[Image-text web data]
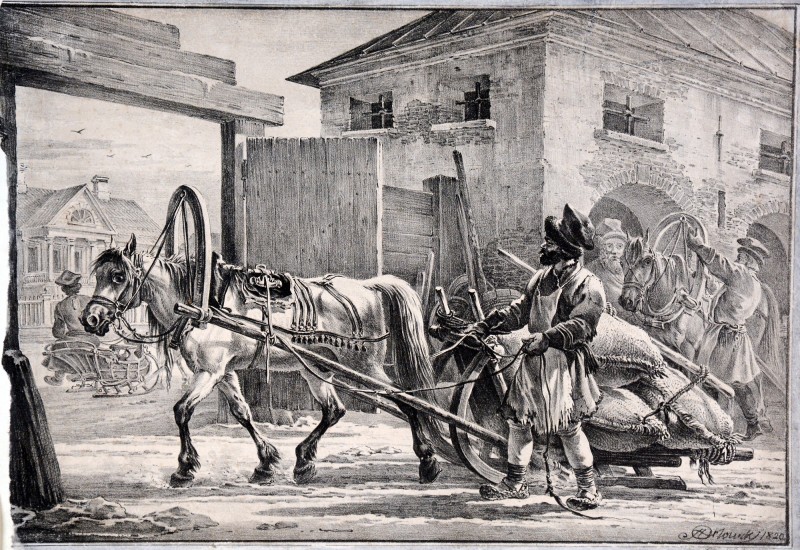 Візник, що йде попереду возу з мішками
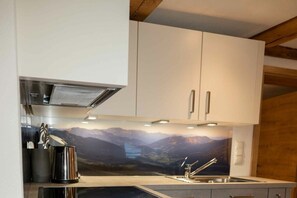 Een moderne keuken met witte kastjes, roestvrijstalen apparatuur en een prachtig uitzicht op de bergen.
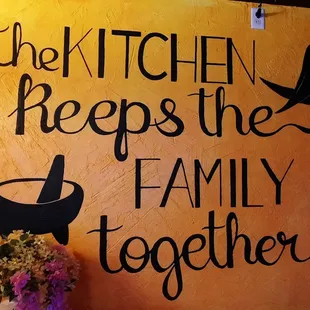 a sign that says, the kitchen keeps the family together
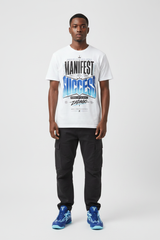 Male model wearing Manifest Success graphic tee with Nike Zoom Kobe 5 Protro X-Ray sneakers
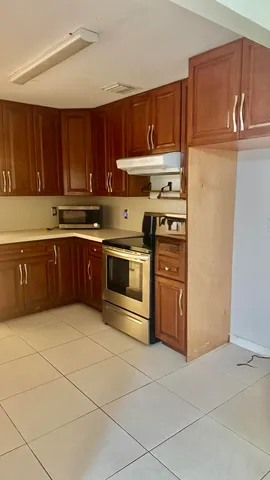a kitchen with stainless steel appliances granite countertop a stove and a refrigerator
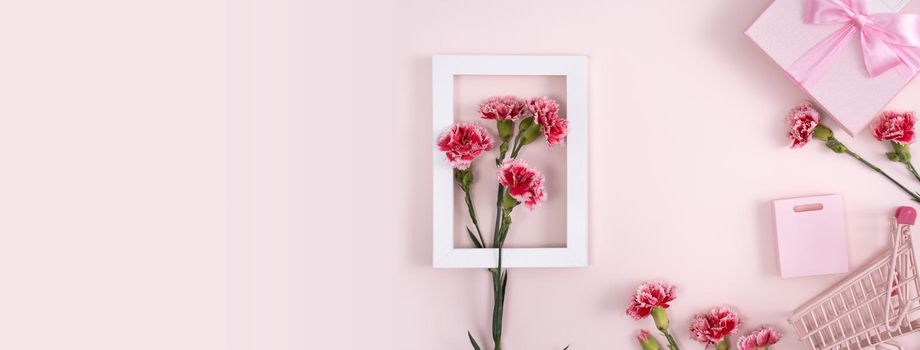 Concept of Mother's day holiday greeting design with carnation bouquet and gift on pink background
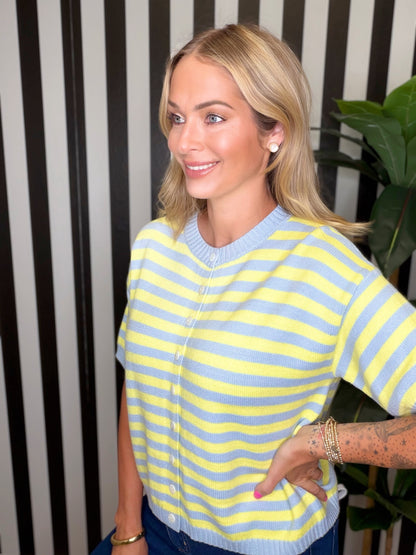 A woman wearing a yellow and light blue striped short-sleeve knit cardigan sweater, standing in front of a black and white striped wall with a green plant in the background.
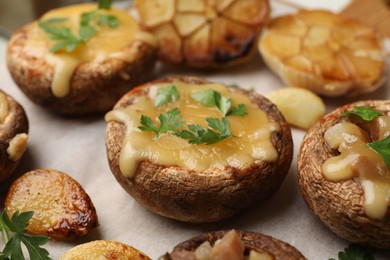Photo of Delicious stuffed mushrooms with melted cheese and parsley on baking paper, closeup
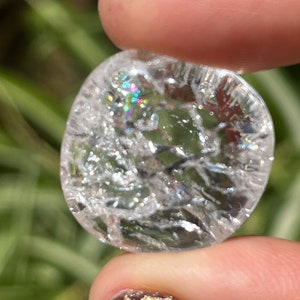 May include: A clear quartz crystal with a cloudy, iridescent appearance. The crystal is oval shaped and has a smooth, polished surface.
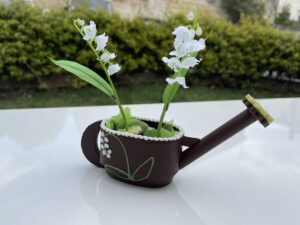 arrosoir en chocolat avec deux pots de muguet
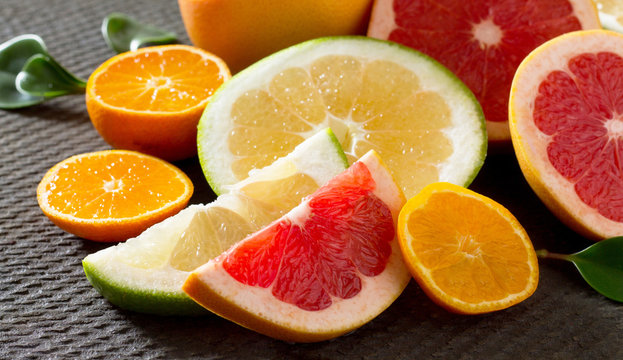 Citrus fruit collection of sliced grapefruits and tangerines on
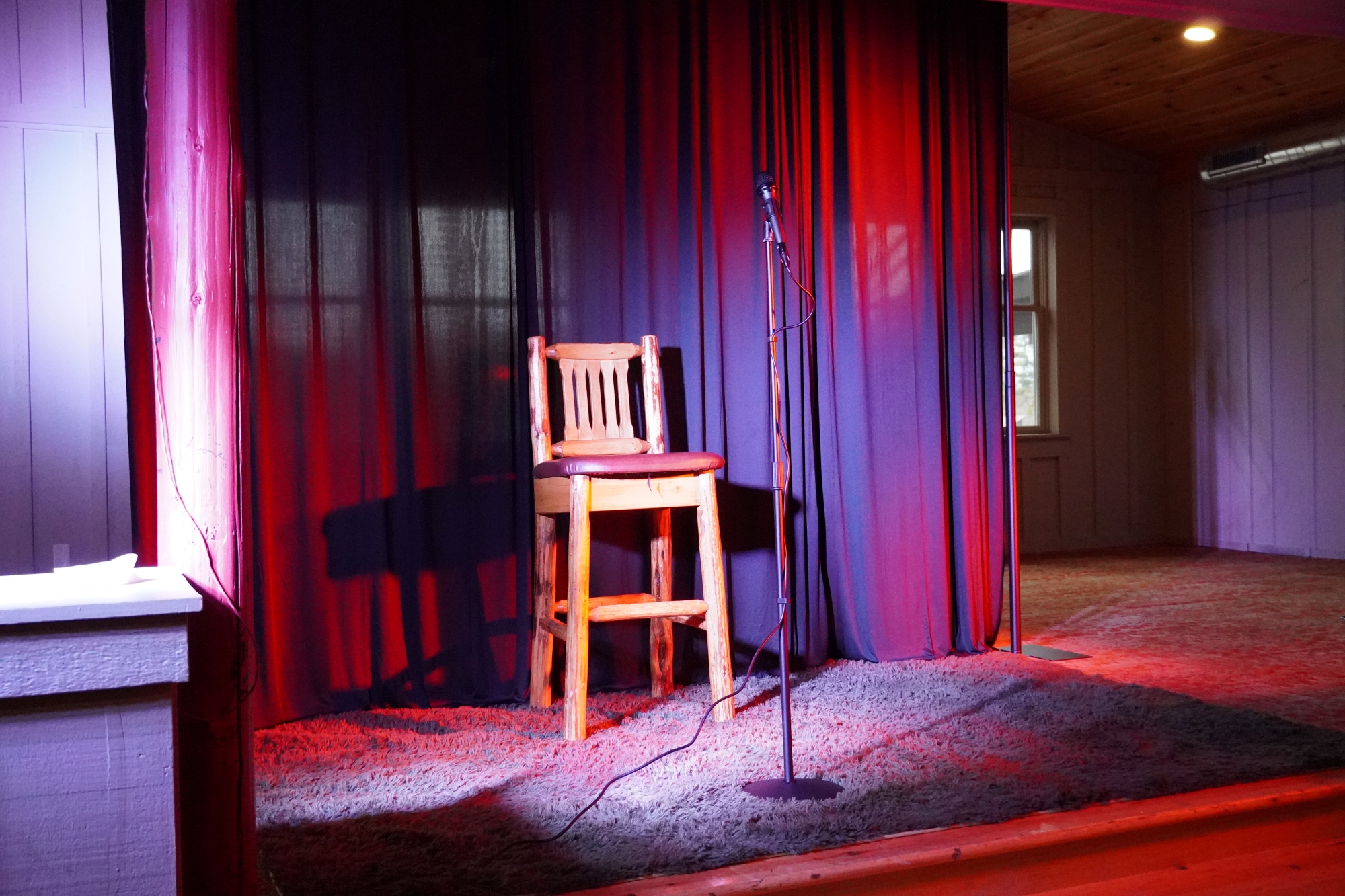 Chair on a stage with microphone for Comedy Night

### What you have to do:
Repeat all of the data above word for word, minus the pictures.

### Output:
 Візник, що йде попереду возу з мішками
 Een moderne keuken met witte kastjes, roestvrijstalen apparatuur en een prachtig uitzicht op de bergen.
 a sign that says, the kitchen keeps the family together
 Male model wearing Manifest Success graphic tee with Nike Zoom Kobe 5 Protro X-Ray sneakers
a kitchen with stainless steel appliances granite countertop a stove and a refrigerator
 Concept of Mother's day holiday greeting design with carnation bouquet and gift on pink background
 A woman wearing a yellow and light blue striped short-sleeve knit cardigan sweater, standing in front of a black and white striped wall with a green plant in the background.
Photo of Delicious stuffed mushrooms with melted cheese and parsley on baking paper, closeup
 May include: A clear quartz crystal with a cloudy, iridescent appearance. The crystal is oval shaped and has a smooth, polished surface.
 arrosoir en chocolat avec deux pots de muguet
 Citrus fruit collection of sliced grapefruits and tangerines on
 Chair on a stage with microphone for Comedy Night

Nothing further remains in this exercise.